HC Deb 11 March 1881 vol 259 cc813-4

asked the Secretary of State for War, Whether the large proportion of officers killed recently in South Africa was owing, in a largo degree, to the peculiarity of their dress as distinct from that worn by the men, the officers wearing blue patrol jackets in several regiments, the men of which wore red, while in the Highland regiments the officers wore red shell jackets and the men white; and, whether the comparatively small loss of officers in the Rifle battalions may not be accounted for by the fact of their wearing a similar uniform to the men serving under them?

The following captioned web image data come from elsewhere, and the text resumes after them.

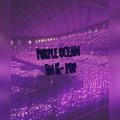 ♾PurpLe oCeaN♾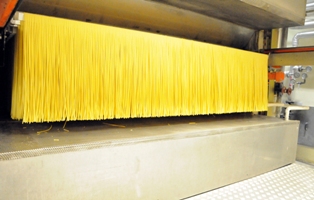 İtalya'yı tedirgin ediyoruz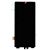 Frontal Tela Display Samsung Note 20 N980 Sem Aro Original - Imagem 3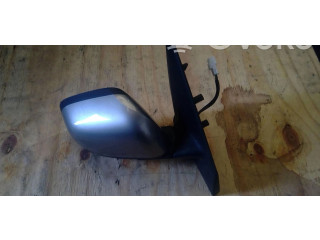 Зеркало электрическое        Dacia Lodgy   -  года   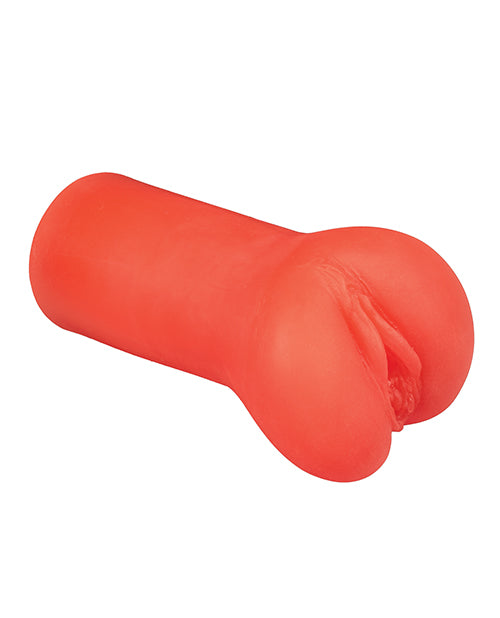 Cheap Thrills The She-Devil Pocket Pussy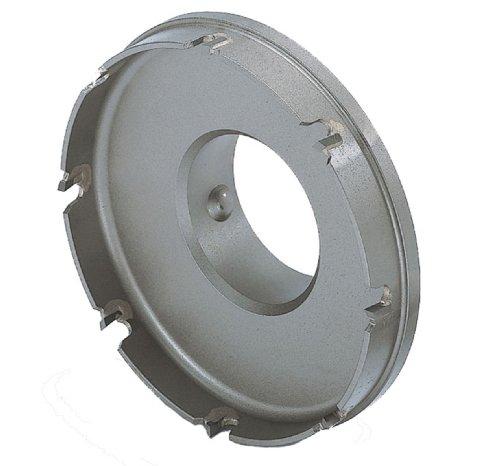 BOSCH ボッシュ BOSCH ポリクリックホールソー PH-066C｜ECJOY！プレミアム店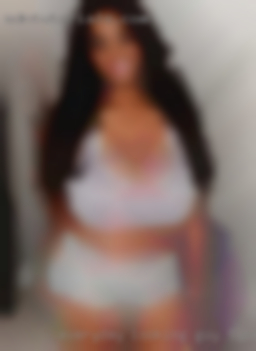 Everyday looking guy type girl swinging wants piccing.
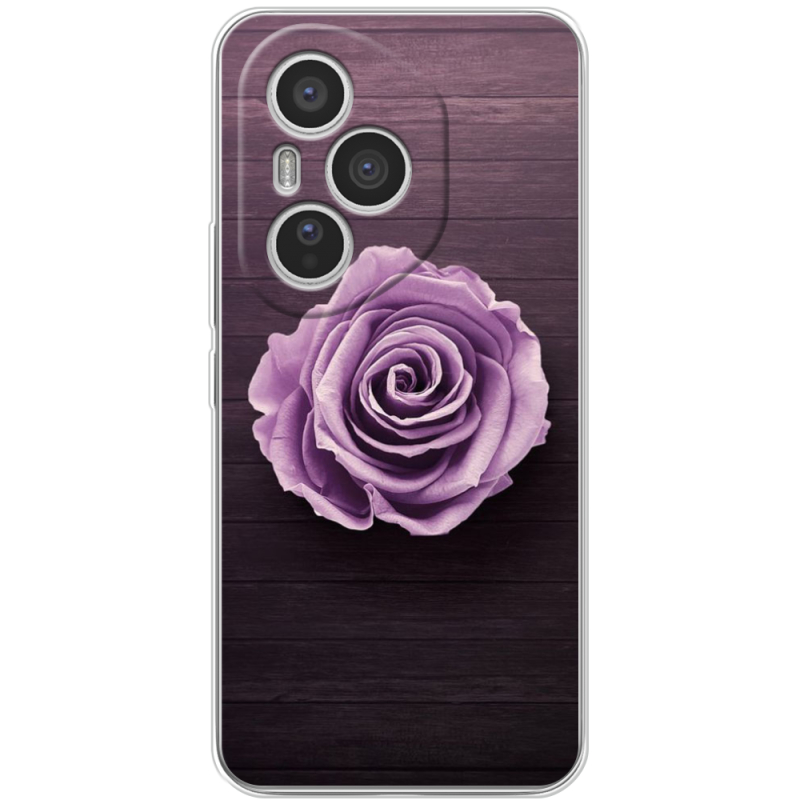 Чохол BoxFace Honor 400 Pro 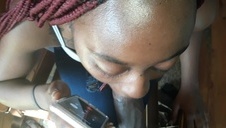 oblał ją browarkiem a potem wydymał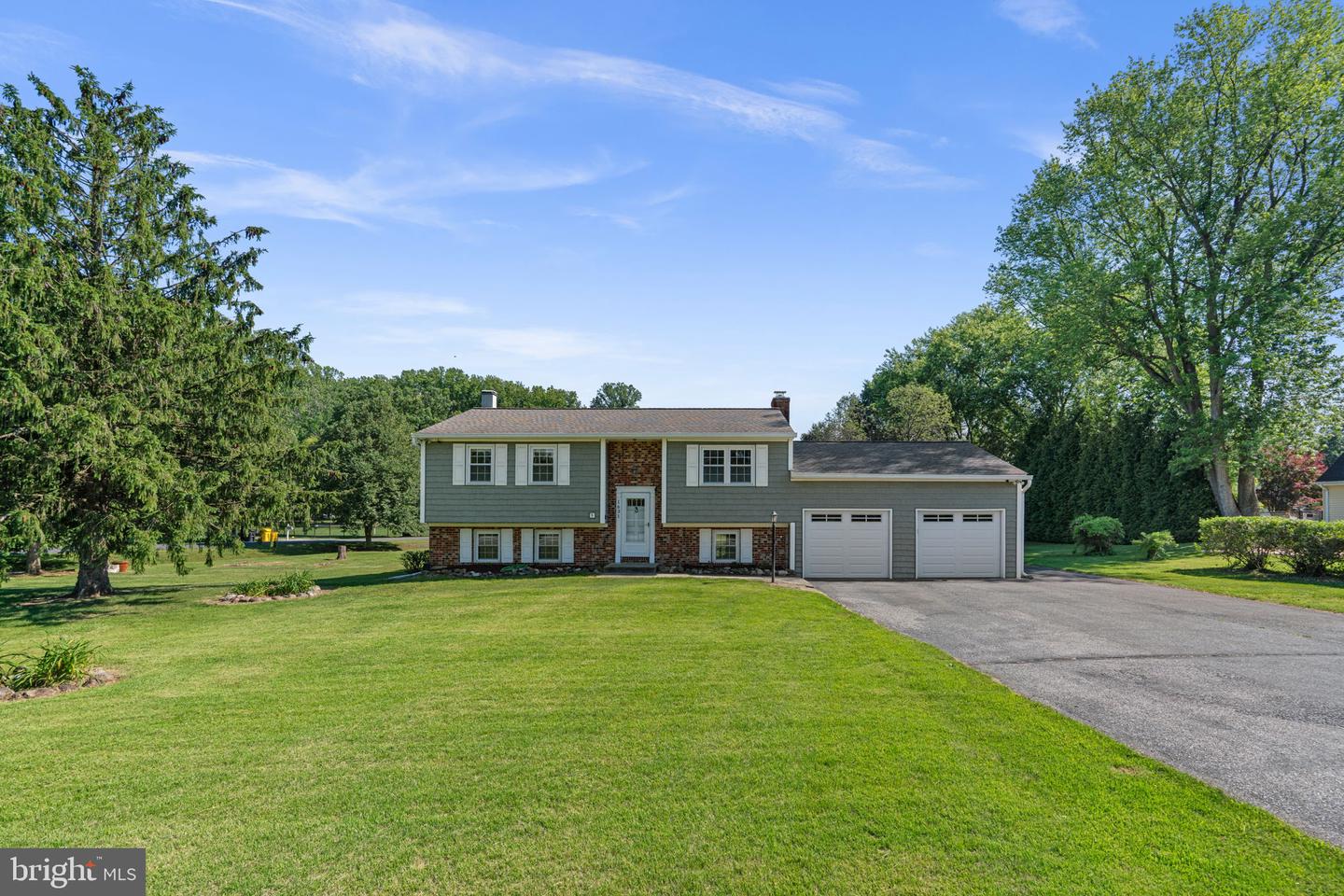 1631 Millersville Road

In reply to my hon. Friend, I have to say that there are no reasons for supposing that in any regiments the officers wore blue patrol jackets while the men wore red, nor that in the Highland regiments the officers wore red shell jackets and the men white. The regulations require that officers and men on service shall wear uniform of the same colour. With regard to the last part of the Question, my hon. Friend is in error in assuming that the Rifle battalion suffered a comparatively small loss in officers, the facts being that in the action on the Ingogo, the only action in which the 3rd battalion of the 60th Rifles were hotly engaged, that battalion lost 1 officer to 22 men killed and wounded, which is a larger proportion than the 58th and 92nd lost in either of the other two engagements; the 58th at Laing's Nek losing 1 officer to 34 men, and at Majuba 1 to 25; and the 92nd at Majuba lost 1 officer to 32 men.